Ottantacinque milioni di euro di investimento privato, 25 mila quadrati di fini moncadaestensione, 130 addetti, 40 MWp di produzione annua.  Sono soltanto alcune cifre del primo stabilimento italiano di pannelli fotovoltaici “Thin film” della Moncada Solar Equipment, inaugurato lunedì 21 dicembre, a Campofranco, in provincia di Caltanissetta, alla presenza del presidente della Camera, Gianfranco Fini. Presenti il ministro della Giustizia, Angelino Alfano, il viceministro dello Sviluppo economico con delega al Commercio internazionale, Adolfo Urso, l’assessore regionale all’Industria, Marco Venturi, l’A.d. di Sace, Alessandro Castellano, e il presidente di Confindustria Sicilia, Ivan Lo Bello. Presente anche una rappresentanza della statunitense Applied Materials,titolare del brevetto di questa alta tecnologia, ad inaugurare anche il centro di ricerca che sorge all’interno della fabbrica. Si tratta del terzo stabilimento di questo genere in Europa e nel mondo non ne esistono più di sei. E’ la nuova frontiera delle energie rinnovabili.

“Self made man” è  stato definito Moncada dal ministro Alfano, nel voler rendere merito alla capacità imprenditoriale del suo conterraneo agrigentino: “Un uomo che si è fatto da solo, un imprenditore di prima generazione, e nonostante si dica che in Sicilia sia difficile fare impresa per carenze infrastrutturali, vincoli burocratici e mafia, lui è riuscito a porsi come modello da imitare per i giovani siciliani, che intendono inseguire i propri sogni”. Per il presidente della Camera quella di Campofranco “e’ una fabbrica modello ed e’ chiamata ad operare in un luogo in cui ci sono strade e ferrovie come nel periodo della prima guerra mondiale. Occorre investire per migliorare la qualita’ delle infrastrutture, è questa la grande sfida”. 

“La novità di questa fabbrica è nella produzione di film sottile, che cattura l’energia, e non contiene wafer di silicio – spiega il re delle energie rinnovabili, Salvatore Moncada -; il vantaggio è nei costi di produzione. utilizziamo gas silano che è più facilmente reperibile in Italia e all’estero e non sottostiamo alle condizioni della globalizzazione, ovvero alle speculazioni del mercato del silicio. Ricorriamo a tecnologie in continua evoluzione.  Già ha un costo basso, ma riteniamo che nei prossimi anni possa ancora abbassarsi.
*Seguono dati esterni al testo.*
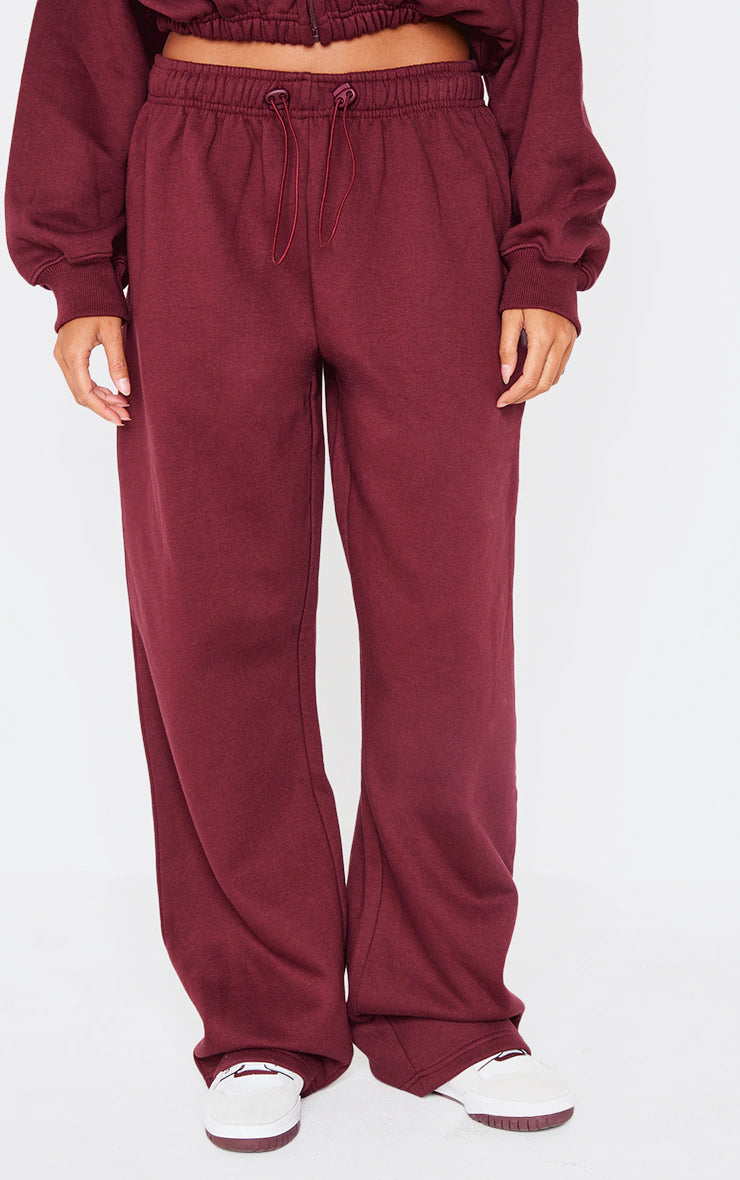 Burgundy Drawcord Hem Oversized Sweatpants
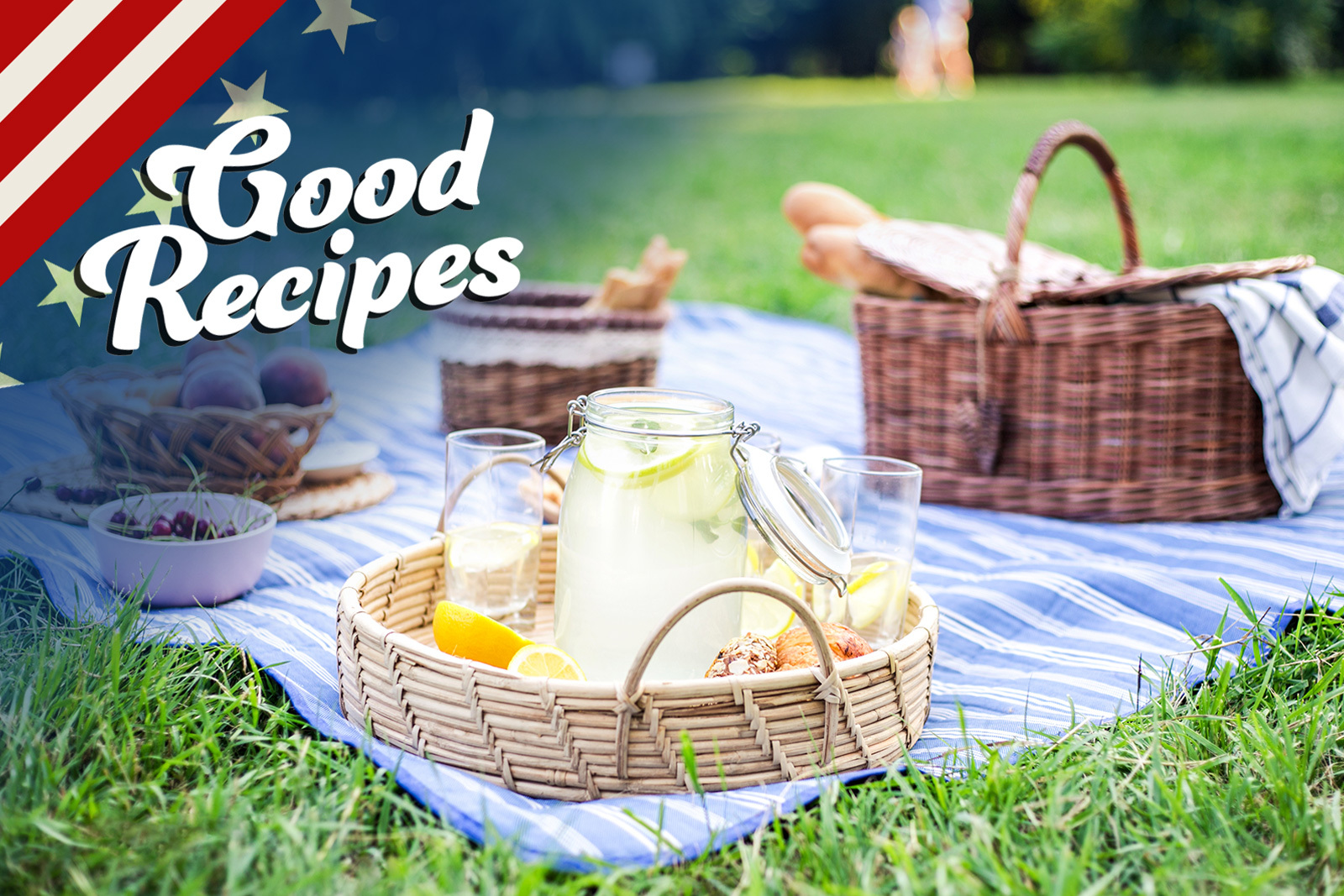 picnic baskets on blanket on ground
Nostro obiettivo è di aumentare la resa dei pannelli, al punto da renderli molto più convenienti dei parchi eolici. Già alla fine del 2010 avremo un costo di un milione di euro per MW prodotto. I pannelli costituiranno i parchi fotovoltaici in corso di autorizzazione in Sicilia e anche all’estero. Al primo semestre 2010 avremo 15 MW di fotovoltaico installati”.

Il fatturato del gruppo Moncada, che spazia dagli impianti eolici, a quelli di biomasse, potrebbe passare da 40 a 200 milioni di euro. La quotazione in borsa sarà un altro passo, ma non prima del 2012.

Il Thin Film è la tappa di questa fine d’anno. Il processo si basa su un plasma arricchito che, grazie a particolari macchinari e lavorazioni, produce vapori chimici attraverso i quali si deposita uno strato di silicio “drogato” che costituisce la base della nuova cella fotovoltaica.

La trasformazione di energia luminosa , proveniente dal sole , in energia elettrica avviene grazie alle proprietà opto-elettroniche del silicio che produce dei portatori di cariche ogni volta che viene esposto alla luce solare.

Due strati di metallo “incapsulano” questo strato di silicio e permettono di trasportare l’elettricità ai capi di un contenitore che presenterà un contatto positivo ed uno  negativo da utilizzare per collegare il pannello ad una utenza che possa sfruttare tale energia . Il pannello prodotto genera una potenza elettrica di circa 350;  viene testato da un simulatore di luce solare e catalogato in base ai Watts prodotti all’interno di un intervallo prestabilito . Può essere poi installato con facilità grazie a dei longheroni che sono posti sul retro del pannello stesso e che possono essere facilmente avvitati ai supporti . I pannelli vengono angolati a circa 30 gradi ed esposti in maniera da raccogliere la massima quantità di luce solare.